§ TASK REQUIREMENTS: Write out the line with "Scăpări de gaze" and every later line through the end of the data below, exactly as given, with no pictures in the copy.

§ COLLECTED MATERIAL:
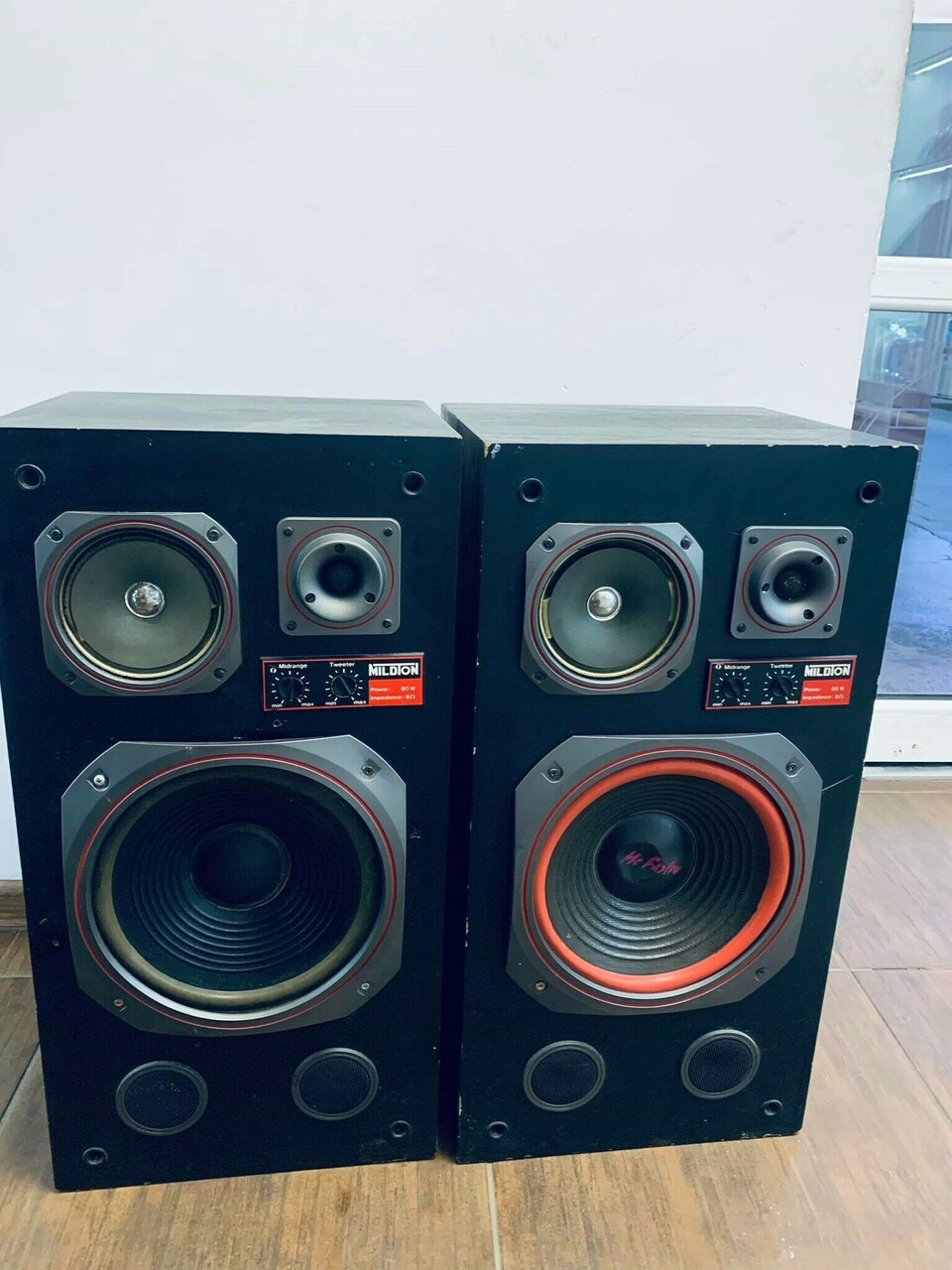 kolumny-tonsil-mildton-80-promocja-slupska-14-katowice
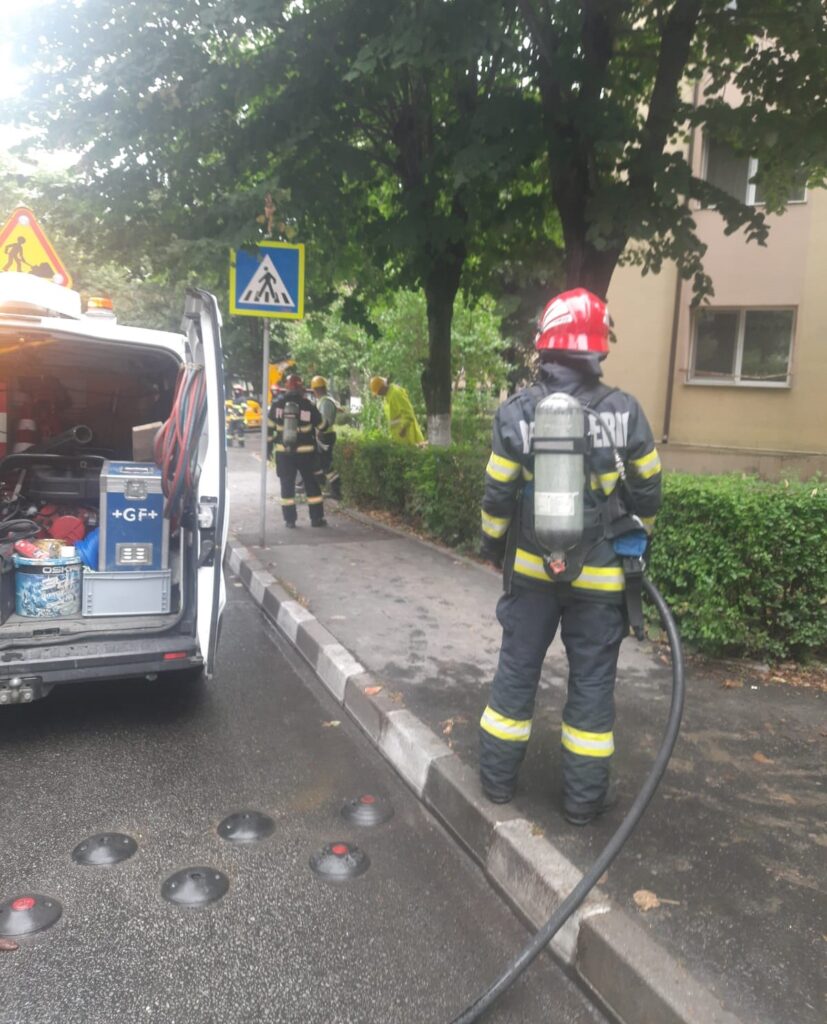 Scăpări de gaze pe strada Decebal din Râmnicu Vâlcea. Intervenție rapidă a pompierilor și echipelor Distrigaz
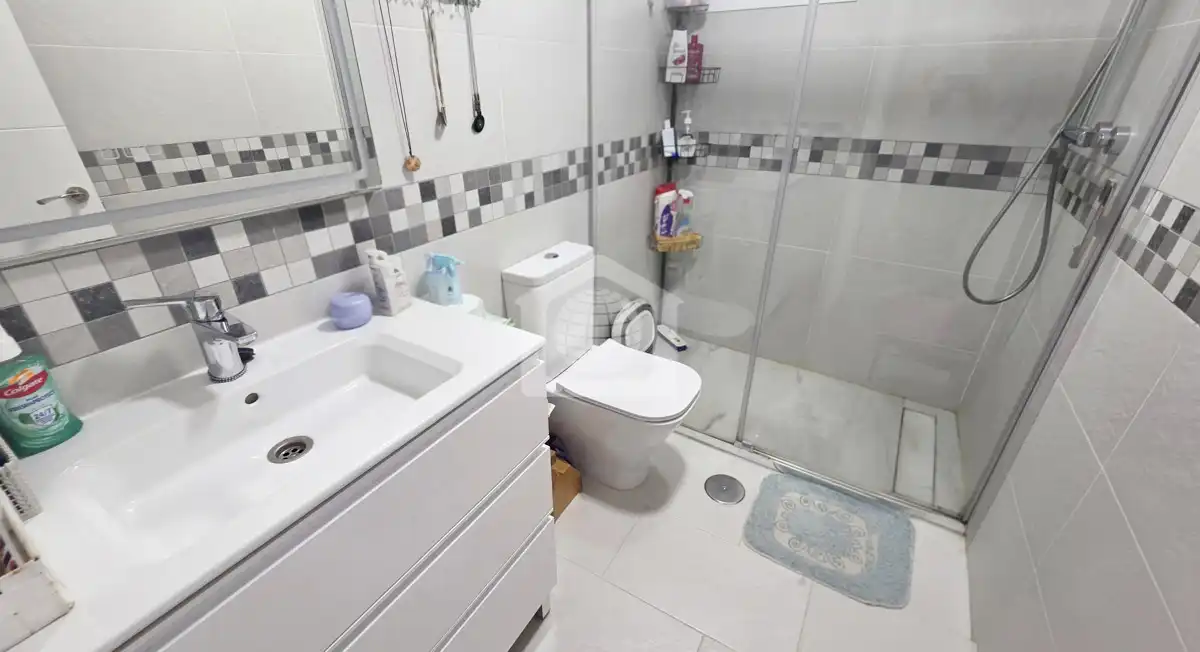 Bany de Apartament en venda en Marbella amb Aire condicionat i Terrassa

§ RESPONSE BELOW:
 Scăpări de gaze pe strada Decebal din Râmnicu Vâlcea. Intervenție rapidă a pompierilor și echipelor Distrigaz
 Bany de Apartament en venda en Marbella amb Aire condicionat i Terrassa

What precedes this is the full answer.